By KENNETH BRIDGES | For The Arkadelphian
Bill Carr was once the fastest man in the world. And it all started in Pine Bluff, Arkansas.
William Arthur Carr was born in Pine Bluff in 1909. His early life was not unusual. He, like so many boys, loved to run, and he could run faster than all the others. His parents believed in the importance of education and encouraged him to finish high school where he also pursued athletics. Carr would graduate from Pine Bluff High School in 1927.
In 1929, he enrolled at the prestigious Wharton Business School at the University of Pennsylvania, where his academic abilities matched his gift for speed. He would rise to co-captain the varsity track team and would never lose a race while at Penn.
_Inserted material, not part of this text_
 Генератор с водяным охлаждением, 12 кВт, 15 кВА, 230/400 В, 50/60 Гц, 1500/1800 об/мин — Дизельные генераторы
His string of victories and good nature made him a popular figure on campus, leading him to become president of his sophomore class in 1930. In his senior year, he was elected to the honors society.
The year 1932 would be a year of wonder for Bill Carr. The Olympics were coming to Los Angeles that summer, the first time they had come to America since the 1904 Olympics in St. Louis.
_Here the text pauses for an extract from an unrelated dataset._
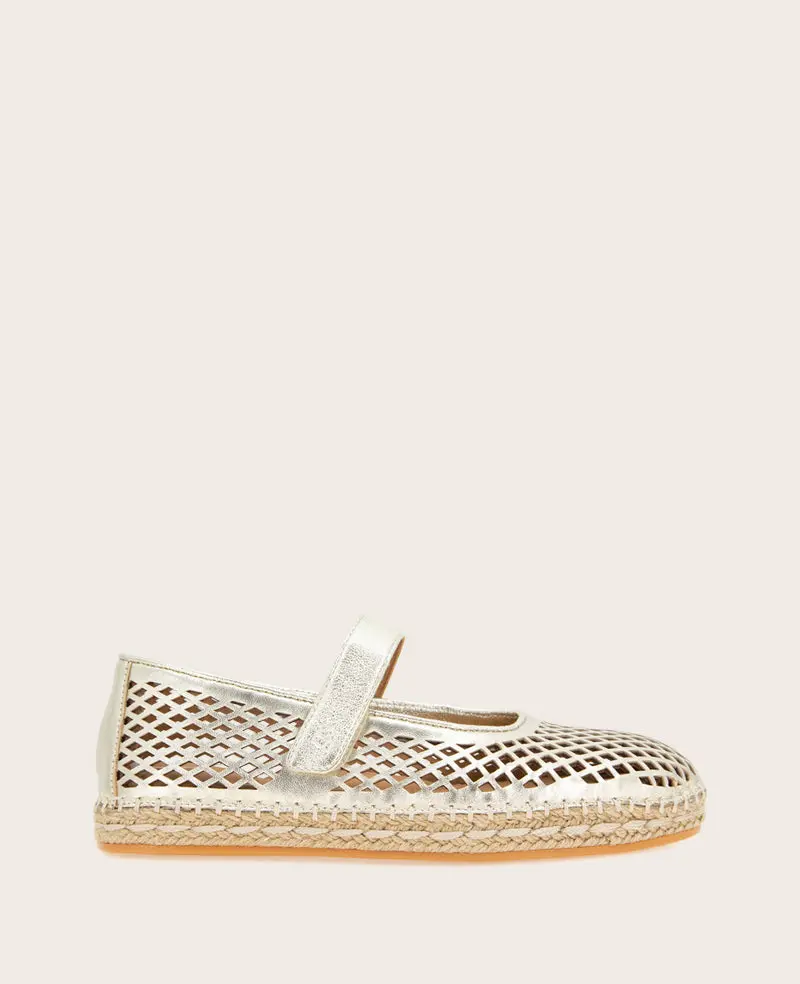 GENTLE SOULS - Sienna Metallic Fish Net Mary Jane Espadrille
Carr had steadily built a reputation and was the 1931 AAU indoor 300-meter winner, but he was facing the phenomenal runner Ben Eastman of Stanford University, who many sports writers predicted would take the gold medal that year and had set a world record at another race in March.
That spring, in the IC4A intercollegiate championships, the best college runners in the nation gathered to compete. Carr and Eastman outpaced the rest of the field, and Carr edged out Eastman, winning the 400 meters in 47.0 seconds. Two weeks later, the two would face off once again at the Olympic trials. Carr, in a blaze of speed, finished in 46.9 seconds in the 400 meters.
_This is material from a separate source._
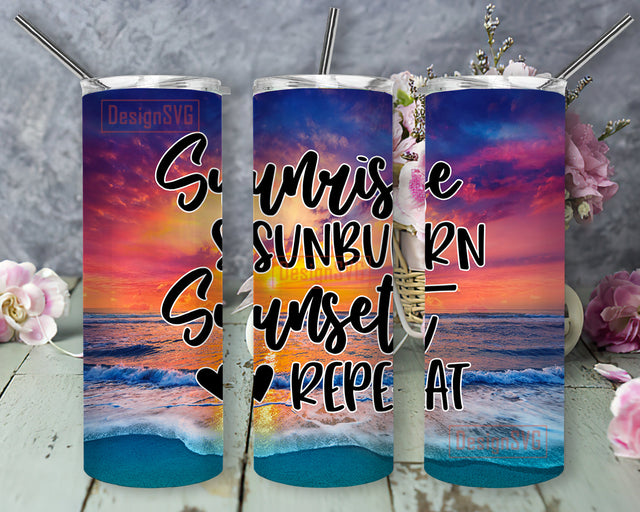 Sunrise Sunburn Sunset Repeat 20oz Tumbler Wrap, Beach Summer Tumbler Png, Beach Sunset Design Png, Beach Lover Sublimation Design, Digital Download Sublimation DesignSVG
At the Olympics, the rivalry between Carr and Eastman took center stage. On August 5, the 400 meter race was held. Eastman took an early lead, eventually getting a lead of almost three meters on Carr. Bill Carr piled on an extra burst of speed, putting everything he had into the last stretch of the race. He caught Eastman, and as the finish line approached, pulled ahead, eventually winning by two meters and a fraction of a second. Bill Carr won the gold medal with a world record time of 46.2 seconds. Two days later, the 1600-meter relay was held. He led the American team to the gold medal again with a world record 3 minute, 8.2 second race.
He was one of the most celebrated athletes in the world for his triumphs. But his glory would be cut short. In January 1933, a brutal car wreck left him with a broken pelvis and two broken ankles. He would never run again.
He would graduate in 1933 with an economics degree. He married and had one son. He would spend the next several years as an insurance executive and then served as an officer in naval intelligence during World War II. After the war, he would work as an executive with safety equipment manufacturing companies.
Arkansas would never forget his successes. His was the first two-time gold medalist from the state. In 1962, he was inducted into the Arkansas Athletic Hall of Fame in Little Rock just before his sudden death in Tokyo in 1966.